# Work item:
Pictures stay out of the copy. Retype exactly the lines below from the one with "RICANO Lederjacke Friga" through the one with "Nieuw Leolux Bora".

# Data provided:
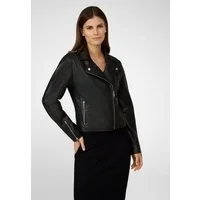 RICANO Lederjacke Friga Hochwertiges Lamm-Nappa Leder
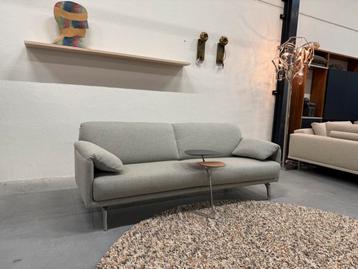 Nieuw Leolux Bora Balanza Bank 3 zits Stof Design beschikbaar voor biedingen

...

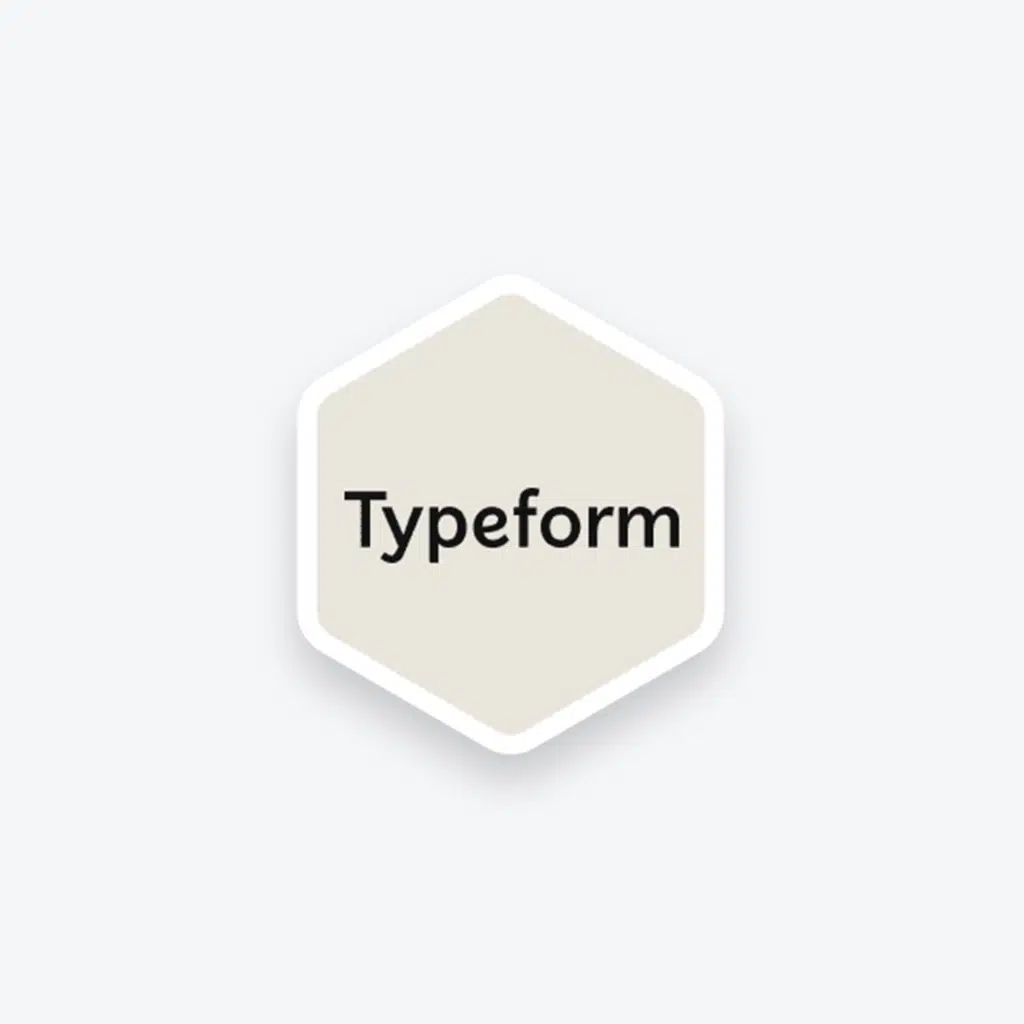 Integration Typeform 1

# Result:
 RICANO Lederjacke Friga Hochwertiges Lamm-Nappa Leder
 Nieuw Leolux Bora Balanza Bank 3 zits Stof Design beschikbaar voor biedingen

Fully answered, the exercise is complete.